Время неумолимо идет вперед. Я регулярно получаю поощрения за добросовестный труд и участие во всевозможных воспитательных мероприятиях. Мне приходит мысль попытаться перевестись на улучшенные условия содержания. Осужденный, переведенный в такие условия, продолжает жить в том же бараке, но получает большее количество свиданий и передач, может потратить больше денег в тюремном магазине. Подобные вопросы в колонии решает комиссия, регулярно собирающаяся в штабе. Здесь решают серьезные вопросы. Достоин ты УДО или нет – тоже определит комиссия. Начальник колонии – ее председатель. Ее члены – начальники воспитательного, оперативного и режимного отделов, а также начальники отрядов.
Меня вызывают в штаб, где я жду своей очереди. Я, в отличие от других осужденных, совсем не волнуюсь – мне это, в общем-то, и не очень надо. Свиданий мне хватает, больше четырех раз в году жена ездить не может, с посылками и передачами я тоже решаю вопрос, выменивая право на посылки на сигареты у других заключенных. Волнуются осужденные, ожидающие решения об УДО. Будет ли дан тебе зеленый свет на УДО, поддержит ли колония твое ходатайство – решится здесь и сейчас. Зачитываются характеристики, учитываются поощрения. Во всех колониях требуют стандартный набор документов, включая справку с будущего места работы (!). Как человек, отсидевший лет шесть за убийство, может, находясь в колонии, устроиться на работу? Что за маразм?! Но маразм этот цветет буйным цветом и культивируется. Руководство колоний с маниакальной настойчивостью требует с осужденных подобные справки, заранее зная, что они будут фиктивными. Не придет в голову руководству ФСИН самим способствовать трудоустройству своих подопечных, ну да, видно, у них более важные задачи…

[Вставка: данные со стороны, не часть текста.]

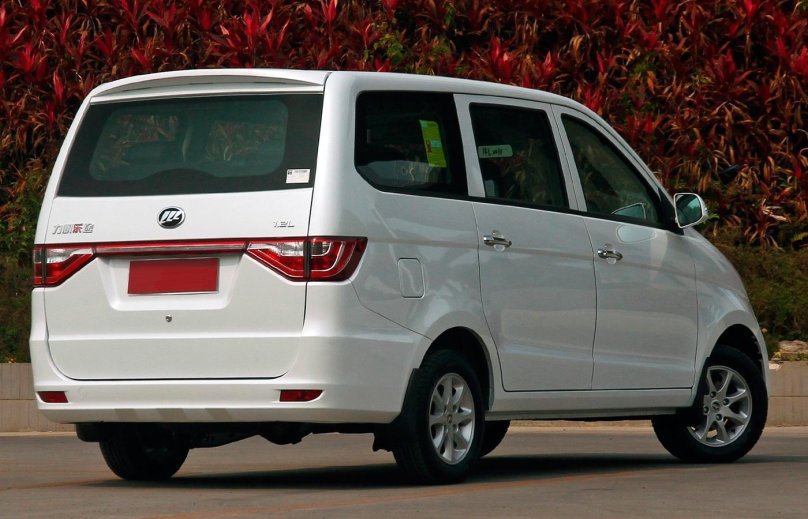 Лифан минивэн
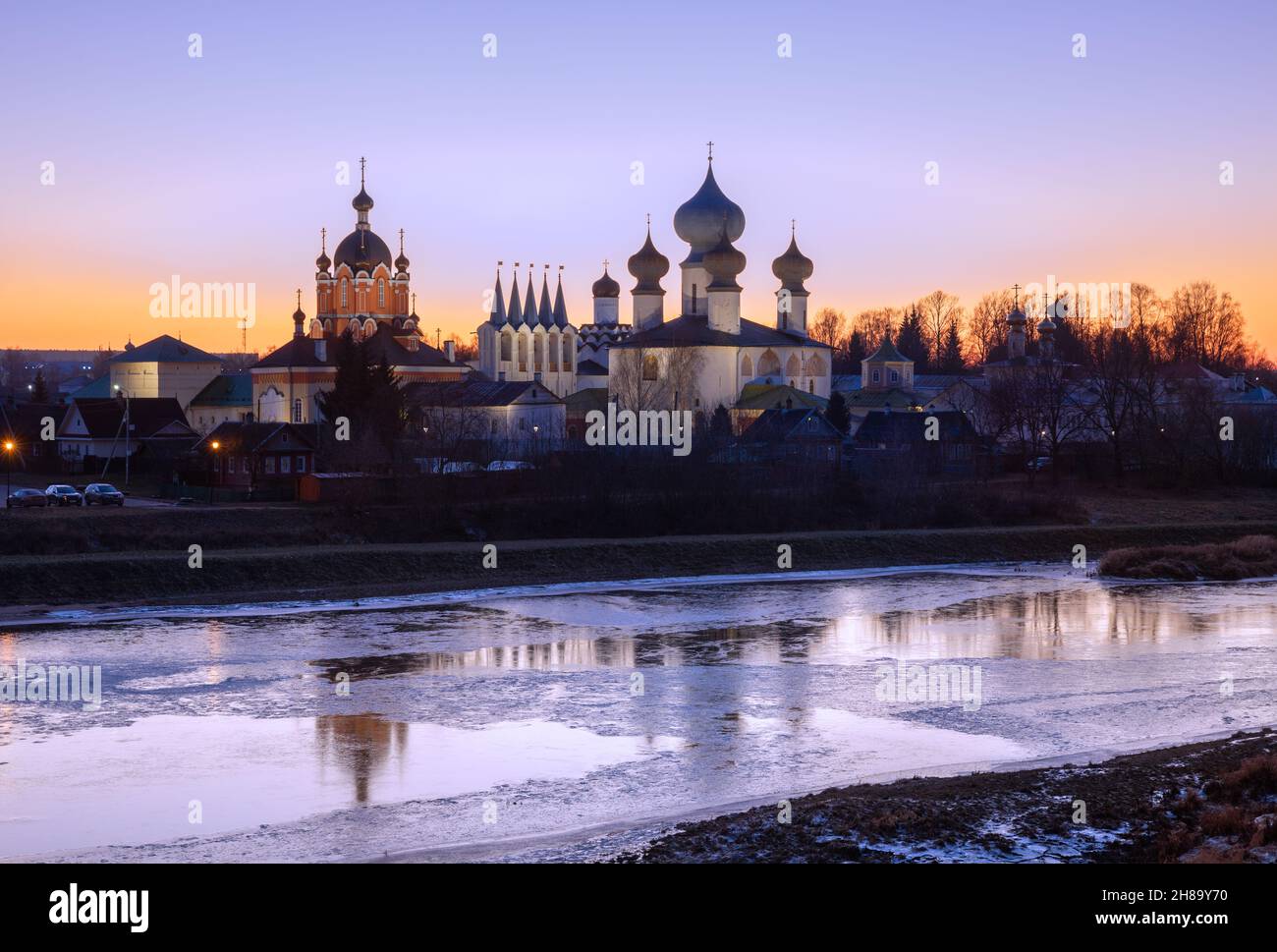 Vista del Monastero dell'Assunzione di Tikhvin al tramonto in una serata invernale, nella regione di Leningrado, Russia Foto Stock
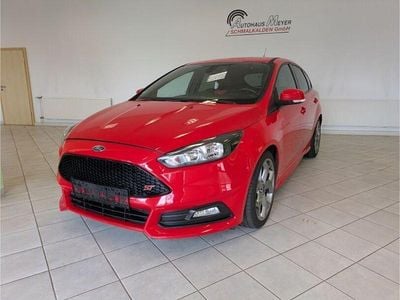 Usado Ford Focus ST 250 HP (183 kW) 2016 Vermelho Sedan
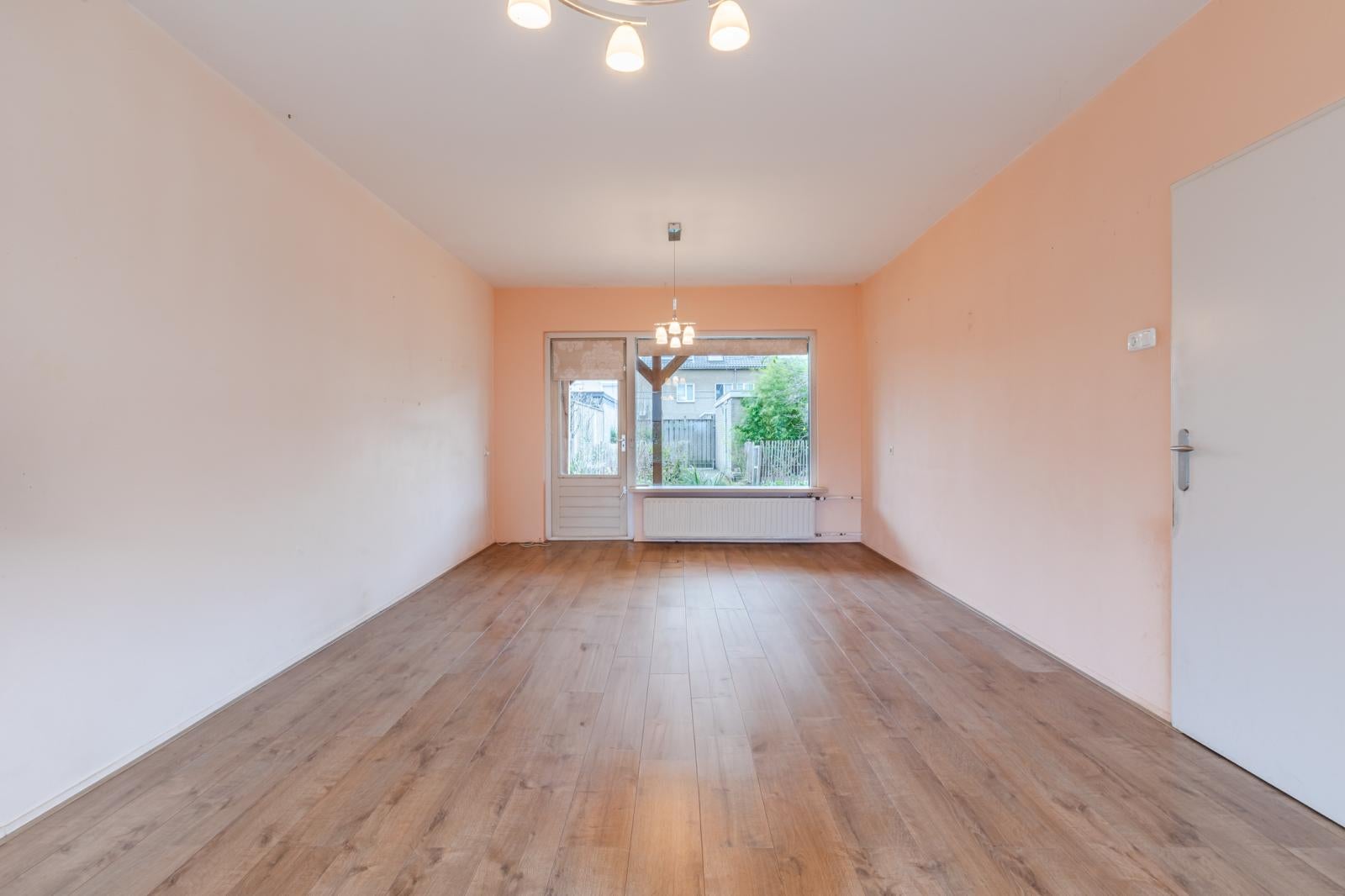 Tussenwoning te koop: De Ruijterstraat 11, Veghel
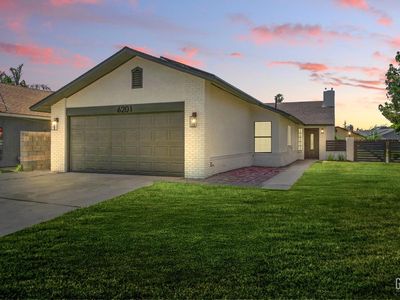 6201 Regina Way, Bakersfield, CA, 93307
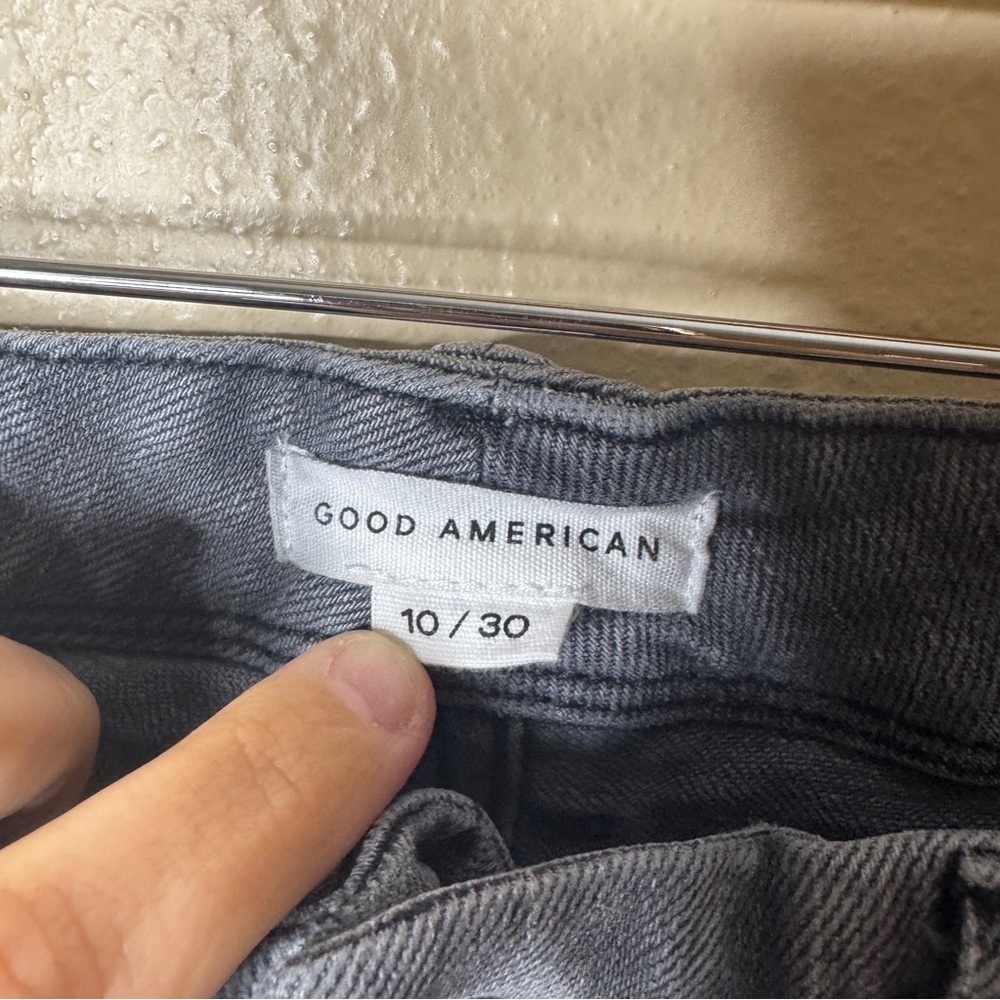 Good American Jeans Women's 10 Gray Good Waist Crop Skinny Raw Chewed Hem - Picture 2 of 9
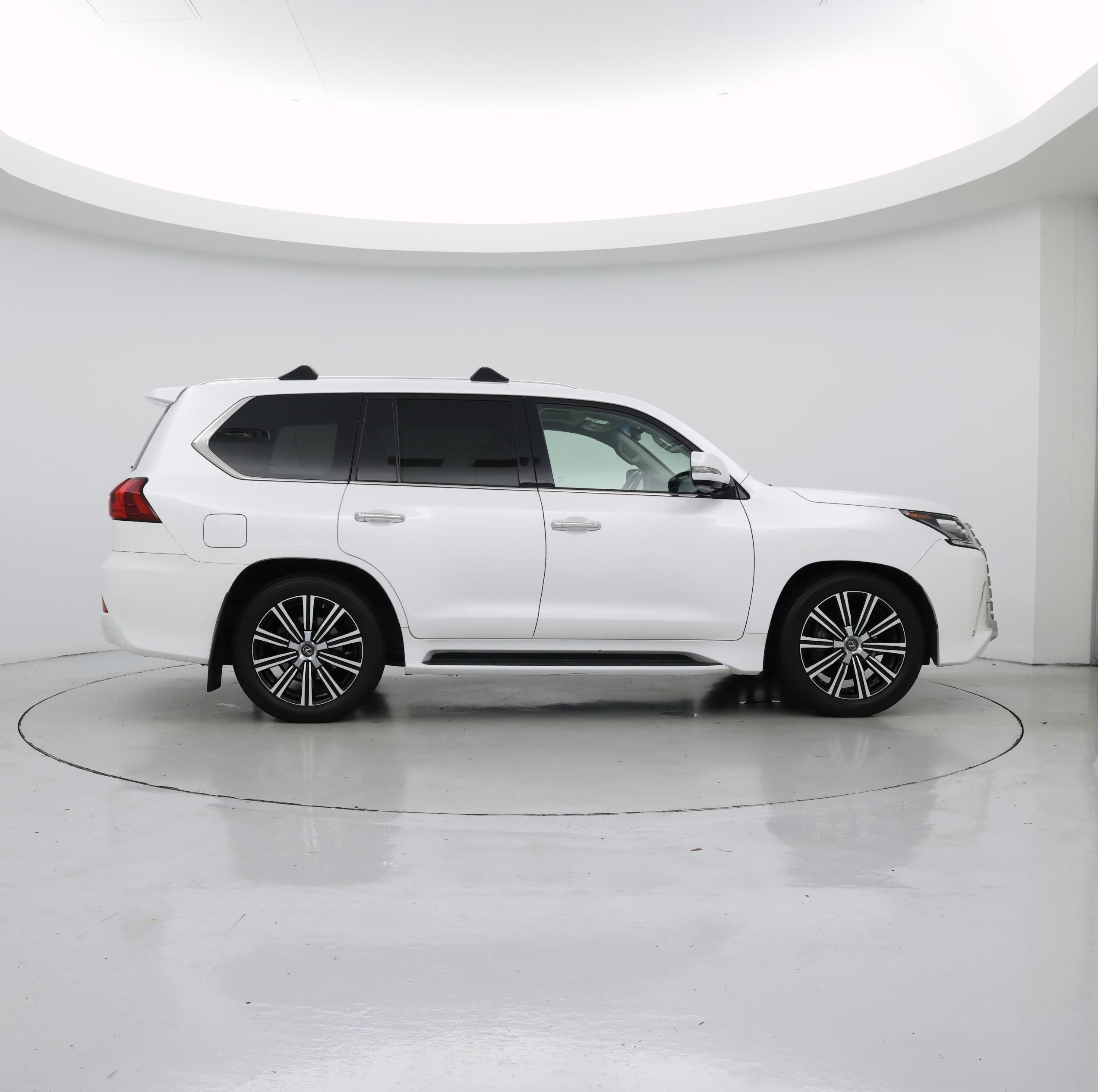 Thumbnail: 2021 Lexus LX - 7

Наступает моя очередь, и я предстаю пред очами людей в погонах. В члены комиссии каким-то образом затесался мой старый знакомый – начальник третьего отряда майор Кузьмичев.
«Разнорабочий? – разочарованно спрашивает он, теребя в руках мое личное дело. И добавляет с издевкой: – И что, Переверзин, это весь ваш потенциал?»
«Это весь ваш потенциал! – не сдержавшись, брякаю я. – Будь я осужден за убийство или изнасилование какое, давно бы работал в библиотеке или школе!»
В тот день комиссию я не прохожу – в просьбе мне отказывают…
* * *
Служить надо закону, а не начальству, как принято в России. Если бы каждый делал то, что должен делать, то жизнь стала бы значительно лучше.
Глава 43
Великое переселение
У нас часто так бывает – есть закон писанный на бумаге. А жизнь идет своим чередом мимо этого закона. Но вот грянет гром или начальник сменится, и все сразу встает на свои места. Пока не будет особых инструкций и указаний вышестоящего начальства, закон так и останется бумажным…
Не буду отходить далеко от темы и обсуждать Конституцию России – она у нас замечательная.